Сюжет Бабеля (Бар-Селла) - страница 206

Среди беллетристов евреев, пишущих и писавших на русском языке о евреях, г. Юшкевич является новатором. До него беллетристика о евреях носила какой-то этнографический характер. На первый план выдвигались бытовые особенности еврейской среды, цитировать лись»- Б.-С.> или приводились по-русски особенно типические жаргонные словечки, подчеркивались своеобразные традиции и обычаи. Иногда это отдавало неприятным и унизительным привкусом апологии: автор хотел «между строк» «рассеять предубеждения», показать, что, мол, эти бедные еврейчики «тоже люди», и так далее. Но даже остальные произведения, свободные от этого слащавого запаха, были выдержаны в тоне повествований Отелло о безголовых людях и других заморских чудесах. Минутами это напоминало доклад в географическом обществе: посмотрите, люди добрые, какие курьезные люди там живут и какие у них любопытные наряды.

Г. Юшкевич с первых шагов своих показал, что ему чужда эта манера. Он совершенно не интересуется бытовыми черточками и в особенности мало заботится о том, чтобы ознакомить с этими черточками почтеннейшую публику. Он берет еврейскую среду как фон; только предметом его писательского наблюдения служит не этот фон, а отражающиеся на нем обще-человеческие процессы. Он не выбирает характерных словечек, а просто передает по-русски жаргонную речь — несколько, но по-моему не черезчур утрируя. Он трактует еврейскую среду не как этнографический раритет, а как равноценный status, и требует у читателя внимания не к курьезам быта, а к содержанию жизни. И если часто делались попытки объявить г. Юшкевича подражателем г. Горького или как-нибудь иначе найти общие точки между этими двумя писателями, то я сказал бы, что их основное сходство именно в их отношении к быту. В русской литературе о меньшем брате тоже держалась крепкая бытописательская манера, которой отдали дань лучшие представители беллетристического народничества; но на г. Горьком совершенно не отразилось их влияние. Он взял босяцкий мир просто как удобную сцену, чтобы на ней поставить одну картину из «Человеческой комедии». Г. Юшкевич — первый в своей отрасли — сделал то же с еврейской средою. Это — несомненная заслуга.
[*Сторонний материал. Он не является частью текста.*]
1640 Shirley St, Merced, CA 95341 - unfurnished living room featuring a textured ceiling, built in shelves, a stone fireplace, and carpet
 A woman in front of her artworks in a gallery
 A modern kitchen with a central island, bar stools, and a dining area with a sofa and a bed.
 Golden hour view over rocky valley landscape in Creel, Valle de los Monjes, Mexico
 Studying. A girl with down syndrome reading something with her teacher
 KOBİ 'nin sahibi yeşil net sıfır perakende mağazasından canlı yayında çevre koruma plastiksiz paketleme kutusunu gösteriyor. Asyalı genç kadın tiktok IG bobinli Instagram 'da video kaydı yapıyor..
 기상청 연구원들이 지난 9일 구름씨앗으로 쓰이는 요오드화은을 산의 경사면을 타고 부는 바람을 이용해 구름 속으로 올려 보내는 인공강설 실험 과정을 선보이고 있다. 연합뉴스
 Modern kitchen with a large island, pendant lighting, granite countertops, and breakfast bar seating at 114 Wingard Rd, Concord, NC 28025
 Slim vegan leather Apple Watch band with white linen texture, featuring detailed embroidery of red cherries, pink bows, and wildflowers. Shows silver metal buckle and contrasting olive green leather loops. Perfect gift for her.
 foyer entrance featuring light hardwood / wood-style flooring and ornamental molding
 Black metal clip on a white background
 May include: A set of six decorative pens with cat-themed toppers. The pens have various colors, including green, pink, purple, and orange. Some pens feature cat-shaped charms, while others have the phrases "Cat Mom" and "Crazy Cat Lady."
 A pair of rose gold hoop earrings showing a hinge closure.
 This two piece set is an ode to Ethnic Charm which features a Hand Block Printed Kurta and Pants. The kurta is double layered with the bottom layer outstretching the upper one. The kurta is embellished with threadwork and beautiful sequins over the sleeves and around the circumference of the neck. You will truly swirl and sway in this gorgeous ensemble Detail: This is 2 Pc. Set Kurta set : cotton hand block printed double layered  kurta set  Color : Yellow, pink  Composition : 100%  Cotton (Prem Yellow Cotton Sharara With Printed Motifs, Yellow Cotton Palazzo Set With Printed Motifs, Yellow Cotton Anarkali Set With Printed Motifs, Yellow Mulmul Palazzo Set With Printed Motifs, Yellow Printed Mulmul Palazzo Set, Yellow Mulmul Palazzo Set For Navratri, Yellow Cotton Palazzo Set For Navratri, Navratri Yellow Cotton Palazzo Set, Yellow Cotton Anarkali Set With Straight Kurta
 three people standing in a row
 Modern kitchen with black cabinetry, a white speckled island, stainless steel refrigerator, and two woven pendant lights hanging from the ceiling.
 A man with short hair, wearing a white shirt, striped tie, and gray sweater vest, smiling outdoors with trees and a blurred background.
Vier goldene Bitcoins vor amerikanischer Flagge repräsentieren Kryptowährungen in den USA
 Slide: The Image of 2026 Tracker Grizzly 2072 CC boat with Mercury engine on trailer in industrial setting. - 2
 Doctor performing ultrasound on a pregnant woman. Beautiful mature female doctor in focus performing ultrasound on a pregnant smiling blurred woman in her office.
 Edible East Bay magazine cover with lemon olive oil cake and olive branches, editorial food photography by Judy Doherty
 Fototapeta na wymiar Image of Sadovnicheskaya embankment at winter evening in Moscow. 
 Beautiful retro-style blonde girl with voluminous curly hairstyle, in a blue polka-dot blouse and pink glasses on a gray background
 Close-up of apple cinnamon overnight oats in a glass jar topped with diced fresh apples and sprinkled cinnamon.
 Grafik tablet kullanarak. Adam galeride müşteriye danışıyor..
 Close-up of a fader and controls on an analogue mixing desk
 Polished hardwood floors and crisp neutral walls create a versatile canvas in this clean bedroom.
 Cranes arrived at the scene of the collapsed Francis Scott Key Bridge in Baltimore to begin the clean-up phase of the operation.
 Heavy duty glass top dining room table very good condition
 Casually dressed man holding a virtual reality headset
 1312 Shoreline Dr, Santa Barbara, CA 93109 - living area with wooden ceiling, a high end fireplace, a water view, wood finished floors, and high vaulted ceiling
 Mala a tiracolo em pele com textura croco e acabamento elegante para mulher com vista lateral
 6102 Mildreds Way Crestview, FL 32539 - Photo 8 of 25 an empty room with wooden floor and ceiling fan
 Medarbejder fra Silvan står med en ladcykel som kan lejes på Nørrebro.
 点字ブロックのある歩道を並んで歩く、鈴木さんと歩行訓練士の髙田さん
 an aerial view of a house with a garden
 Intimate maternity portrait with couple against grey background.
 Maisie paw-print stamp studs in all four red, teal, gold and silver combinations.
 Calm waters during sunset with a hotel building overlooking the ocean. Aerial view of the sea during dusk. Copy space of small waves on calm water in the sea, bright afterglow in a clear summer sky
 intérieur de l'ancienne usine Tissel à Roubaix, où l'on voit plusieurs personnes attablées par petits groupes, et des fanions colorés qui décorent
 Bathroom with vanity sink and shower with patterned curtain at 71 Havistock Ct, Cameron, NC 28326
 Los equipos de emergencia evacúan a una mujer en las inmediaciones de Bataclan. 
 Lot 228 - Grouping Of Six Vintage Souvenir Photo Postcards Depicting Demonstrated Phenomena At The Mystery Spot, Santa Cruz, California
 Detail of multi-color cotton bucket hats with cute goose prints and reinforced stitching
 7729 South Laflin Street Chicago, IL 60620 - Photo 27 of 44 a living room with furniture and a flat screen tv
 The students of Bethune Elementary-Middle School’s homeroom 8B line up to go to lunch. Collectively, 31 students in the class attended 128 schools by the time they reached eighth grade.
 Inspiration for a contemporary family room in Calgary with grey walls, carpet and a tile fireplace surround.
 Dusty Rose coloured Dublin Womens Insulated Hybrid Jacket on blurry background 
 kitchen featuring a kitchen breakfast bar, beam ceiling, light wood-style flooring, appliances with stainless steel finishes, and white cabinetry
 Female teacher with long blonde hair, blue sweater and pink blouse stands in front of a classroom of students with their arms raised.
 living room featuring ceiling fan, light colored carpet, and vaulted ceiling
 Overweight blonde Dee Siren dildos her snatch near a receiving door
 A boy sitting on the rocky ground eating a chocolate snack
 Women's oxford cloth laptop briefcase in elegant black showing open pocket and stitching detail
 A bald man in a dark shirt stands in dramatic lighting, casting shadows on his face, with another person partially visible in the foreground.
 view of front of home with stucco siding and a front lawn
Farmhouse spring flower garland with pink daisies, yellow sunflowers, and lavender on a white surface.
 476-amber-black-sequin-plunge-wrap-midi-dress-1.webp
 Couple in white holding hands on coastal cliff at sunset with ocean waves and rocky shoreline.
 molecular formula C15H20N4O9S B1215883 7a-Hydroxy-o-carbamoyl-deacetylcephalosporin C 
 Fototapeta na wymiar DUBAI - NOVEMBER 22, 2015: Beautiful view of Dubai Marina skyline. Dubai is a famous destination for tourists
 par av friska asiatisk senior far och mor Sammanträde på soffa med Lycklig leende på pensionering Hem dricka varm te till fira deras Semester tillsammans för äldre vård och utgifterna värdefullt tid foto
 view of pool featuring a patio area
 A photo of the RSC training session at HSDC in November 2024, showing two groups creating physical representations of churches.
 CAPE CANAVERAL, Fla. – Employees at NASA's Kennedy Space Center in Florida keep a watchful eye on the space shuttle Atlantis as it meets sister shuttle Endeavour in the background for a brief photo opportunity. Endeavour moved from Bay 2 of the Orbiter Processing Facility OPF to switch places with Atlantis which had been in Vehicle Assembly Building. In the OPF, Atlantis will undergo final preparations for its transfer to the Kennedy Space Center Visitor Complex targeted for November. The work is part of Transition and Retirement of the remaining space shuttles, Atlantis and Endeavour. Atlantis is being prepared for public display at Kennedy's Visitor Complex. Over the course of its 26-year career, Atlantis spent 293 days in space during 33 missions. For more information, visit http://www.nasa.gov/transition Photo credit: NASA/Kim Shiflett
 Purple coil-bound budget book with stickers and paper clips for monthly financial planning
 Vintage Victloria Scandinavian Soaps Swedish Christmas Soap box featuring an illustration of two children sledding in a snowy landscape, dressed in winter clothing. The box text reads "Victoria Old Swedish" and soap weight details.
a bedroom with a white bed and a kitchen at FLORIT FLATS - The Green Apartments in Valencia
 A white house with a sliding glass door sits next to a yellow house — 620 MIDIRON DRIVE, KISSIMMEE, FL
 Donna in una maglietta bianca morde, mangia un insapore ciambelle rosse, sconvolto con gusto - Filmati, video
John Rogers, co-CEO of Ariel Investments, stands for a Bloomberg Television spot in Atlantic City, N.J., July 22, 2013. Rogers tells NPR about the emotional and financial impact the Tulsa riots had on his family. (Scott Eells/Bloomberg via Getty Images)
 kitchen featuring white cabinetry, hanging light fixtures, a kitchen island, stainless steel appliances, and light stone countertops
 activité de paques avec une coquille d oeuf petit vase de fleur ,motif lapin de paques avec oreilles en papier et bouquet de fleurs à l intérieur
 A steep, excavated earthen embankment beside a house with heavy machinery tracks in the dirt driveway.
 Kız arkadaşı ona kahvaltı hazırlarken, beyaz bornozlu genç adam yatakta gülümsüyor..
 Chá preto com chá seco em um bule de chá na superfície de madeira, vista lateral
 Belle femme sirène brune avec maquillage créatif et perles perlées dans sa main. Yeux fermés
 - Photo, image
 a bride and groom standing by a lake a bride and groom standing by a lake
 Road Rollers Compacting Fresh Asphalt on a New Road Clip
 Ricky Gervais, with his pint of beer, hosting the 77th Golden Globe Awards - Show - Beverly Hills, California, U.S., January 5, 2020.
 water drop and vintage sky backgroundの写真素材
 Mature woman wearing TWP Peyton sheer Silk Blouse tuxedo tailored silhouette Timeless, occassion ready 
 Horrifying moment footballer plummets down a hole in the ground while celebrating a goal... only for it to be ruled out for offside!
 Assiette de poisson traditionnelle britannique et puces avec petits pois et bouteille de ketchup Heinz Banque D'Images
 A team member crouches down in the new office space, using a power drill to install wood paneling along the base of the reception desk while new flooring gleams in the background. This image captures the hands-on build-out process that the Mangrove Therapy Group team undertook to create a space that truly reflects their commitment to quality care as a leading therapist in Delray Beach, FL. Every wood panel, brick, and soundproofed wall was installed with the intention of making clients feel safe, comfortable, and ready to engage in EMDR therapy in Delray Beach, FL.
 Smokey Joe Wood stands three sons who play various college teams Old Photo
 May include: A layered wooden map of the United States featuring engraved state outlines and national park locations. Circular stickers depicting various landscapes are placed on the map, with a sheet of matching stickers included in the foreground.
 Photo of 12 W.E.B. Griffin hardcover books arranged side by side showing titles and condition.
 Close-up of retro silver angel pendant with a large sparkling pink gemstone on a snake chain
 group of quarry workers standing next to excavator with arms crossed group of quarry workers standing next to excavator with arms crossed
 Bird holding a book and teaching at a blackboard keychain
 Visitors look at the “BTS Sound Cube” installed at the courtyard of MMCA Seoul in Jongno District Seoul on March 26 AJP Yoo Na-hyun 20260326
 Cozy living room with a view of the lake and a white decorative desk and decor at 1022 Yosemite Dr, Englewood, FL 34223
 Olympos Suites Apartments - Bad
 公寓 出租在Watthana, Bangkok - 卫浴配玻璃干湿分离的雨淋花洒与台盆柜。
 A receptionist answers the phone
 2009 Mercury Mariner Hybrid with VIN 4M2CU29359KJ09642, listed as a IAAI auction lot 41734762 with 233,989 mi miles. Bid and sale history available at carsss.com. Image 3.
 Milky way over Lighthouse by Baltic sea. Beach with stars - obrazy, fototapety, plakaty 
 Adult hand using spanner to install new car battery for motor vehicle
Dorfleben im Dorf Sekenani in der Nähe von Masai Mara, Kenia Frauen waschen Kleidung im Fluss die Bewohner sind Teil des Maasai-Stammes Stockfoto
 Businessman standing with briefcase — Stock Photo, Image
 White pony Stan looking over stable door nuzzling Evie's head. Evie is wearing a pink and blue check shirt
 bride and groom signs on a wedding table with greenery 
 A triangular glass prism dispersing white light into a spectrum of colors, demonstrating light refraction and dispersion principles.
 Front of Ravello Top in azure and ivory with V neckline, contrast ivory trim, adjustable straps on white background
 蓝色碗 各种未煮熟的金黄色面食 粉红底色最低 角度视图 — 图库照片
Перейти от изображения внешности к изучению нутра, сделать из объекта читательского любопытства (или — что то же — любознательности) объект серьезного интереса — это бесспорно значит поднять свою отрасль одною важной ступенью выше.

Но параллель с Горьким ведет еще дальше, и надо ее довести до конца. Горький не был только бытописателем босяков: он вообще рассказывает о босяках неправду, и теперь ни один толковый человек на этот счет не заблуждается. Миссией Горького было нарисовать перед обществом увлекательную картину того, что обществу главным образом недоставало для данного исторического момента: картину волевого активного начала в жизни, картину импульса в противовес рефлексии. Нарисовать эту картину мог только рассказчик небылиц, только сказочник, ибо нигде в царстве действительности таких людей импульса не было, и в босяцком мире меньше всего. И Горький выбрал босяцкую среду просто в качестве традиционного сказочного царства «за тридевять земель», о котором можно рассказывать небылицы, потому что публика его не знает. Горький так и сделал, и так было нужно, и как бы мы ни вольничали теперь, критикуя в пух и прах его новые писания, социальная роль его «небылиц» принадлежит истории и будет ею оценена в высокую меру. Но у Юшкевича, насколько могу судить, аналогичной миссии нет и история обоих коллективов, к которым его можно причислить — российского и еврейского — не возложила на его плечи, кажется, никаких особенных задач. И поэтому с особенною тревогой «ставится вопрос»: а идет ли сходство с Горьким так далеко, что и г. Юшкевич рассказывает небылицы? Не могло ли бы оказаться при тщательной проверке, что г. Юшкевич не только еврейского быта не отражает, но не отражает по-настоящему и внутреннего содержания той жизни, о которой пишет?